Looking in his eyes, she saw mostly pain, and she realized how it must appear to him: a tryst being held in the most secret of places. As if Victoria were compromising security and secrets in exchange for a bit of a tup, as Verbena would say.
She had difficulty not being furious that Zavier assumed the worst of her, but Victoria managed to tuck that emotion away—for the time being. Her voice gentled, but still kept a hint of steel in it. “It is not what it appears.”
And then she smelled the blood and noticed the stain on Zavier’s torso.
Before she could speak, a low, rolling sound, like the tolling of a bell, clanged. The sound filled the room, dull and ominous, and Victoria turned to look at a large bell high in one of the corners. She’d hardly noticed it before, but now it seemed to swell inside the whole chamber. The deep sound reverberated through her limbs, and she saw the vibration in the feather of an old-fashioned quill that sat on one of the tables. Then more running feet grabbed her attention. Ilias hurried into the room from the opposite direction Zavier had come, Wayren close behind him, her gown billowing behind her.
“What is it?”
“The warning bell. Someone has tripped the alarm above in Santo Quirinus,” Wayren said, hurrying toward them. “There are trespassers near.”
Victoria drew back as if she’d been slapped, whirling to face Sebastian in horror. “You!”
“I swear it was not me, Victoria! I swear it!” He looked as disconcerted as she, his attention flashing to Wayren, who did not appear at all surprised to see him. “It was—”
Wayren reached for him, her fingers closing over the juncture of neck and shoulder. “Later, Sebastian.

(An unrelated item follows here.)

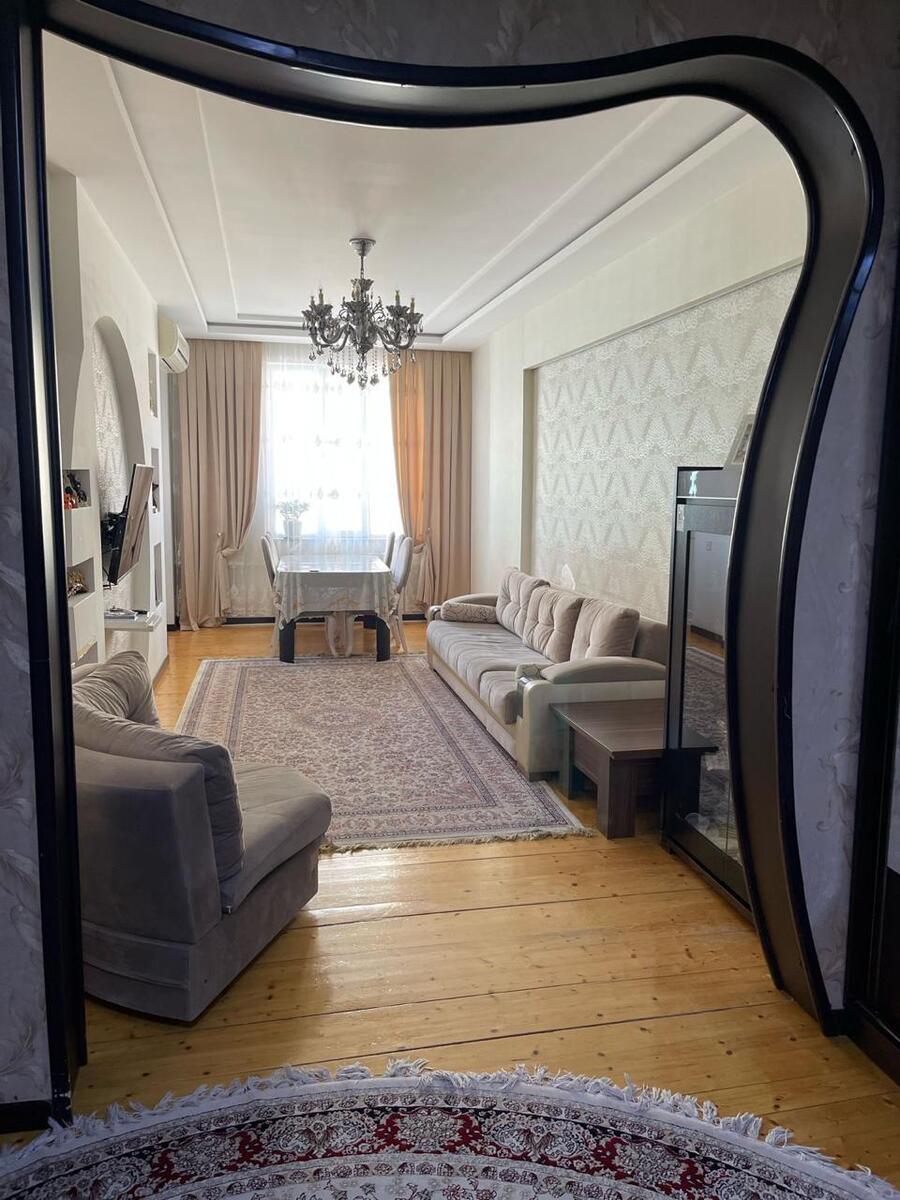 Satılır 4 otaqlı yeni tikili 135 m² — Mənzil, Bakı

We will talk later.” She twitched her hand, and his eyes rolled back in his head as he crumpled to the floor. Obviously Wayren didn’t trust him either.
Victoria looked sharply at her—she’d known all along about Sebastian! Why had she never told her?

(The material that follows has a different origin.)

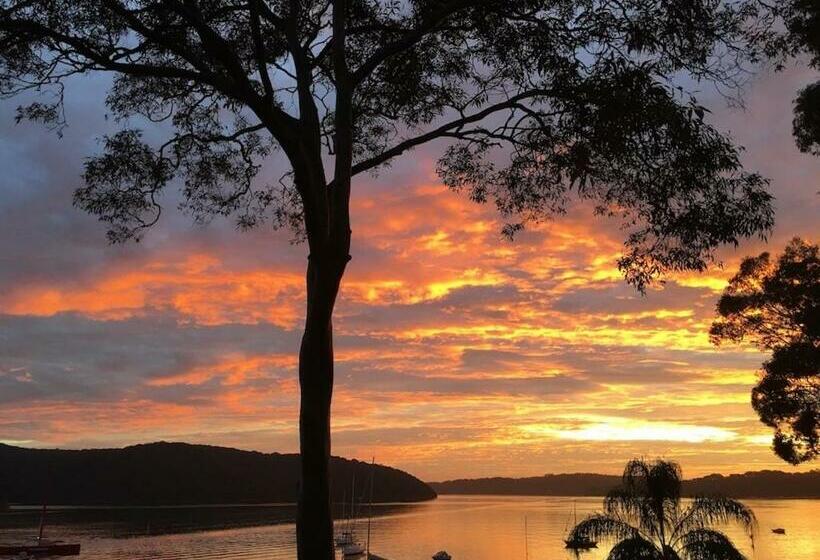 Пансион Island Paradise Private Waterfront Retreat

“The vampires haven’t found us yet, but there are undead and mortals above, in the streets and buildings nearby. Something has brought them here.” It was Zavier, speaking to Ilias as though Victoria were not present. His normally jovial face bore darkness and accusation when he finally looked at her. “We must drive them away.”

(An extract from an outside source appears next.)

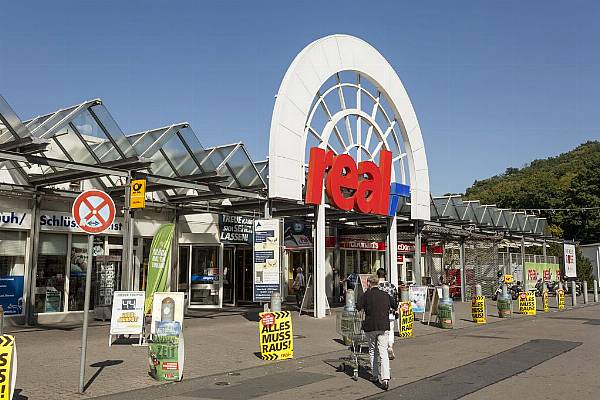 Metro Reaches Agreement On Sale Of Real Hypermarket Business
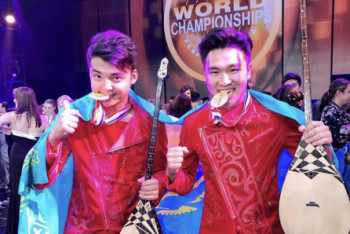 Фотография к новости: Казахстанские домбристы прошли в финал конкурса Golden Time Talent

He started off toward the alcove that led to the spiral staircase Victoria had descended only thirty minutes earlier, but she called him back.
“No, Zavier, wait. We cannot go that way, for if we suddenly appear from the church they will know our secret.”
Ilias kept hidden guardsmen within the small church and in the areas surrounding it: one Venator along with two Comitators, who were martial-arts experts like Kritanu who taught the Venators their fighting skills. If there were vampires about, threatening their security—which Victoria had no reason to doubt—presumably the guards were already engaged. Still, it would be rash to come from the church and confirm to the undead where the entrance to the Consilium was.
“This way,” Ilias ordered with a sharp gesture. Victoria and Zavier followed the older man, who obviously knew more about the secrets of the Consilium than anyone else, back down the steps and through one of the pointed archways that led to a chamber Victoria had seen only once before. It was bare and dusty. Trunks and several wooden crates were stacked against one of the walls, but Ilias hurried past them toward the back corner. He reached up to one of the iron sconces that were studded throughout the entire Consilium and lifted the torch from its place. Fumbling around with his fingers inside the empty sconce, he grunted in satisfaction, then withdrew his hand.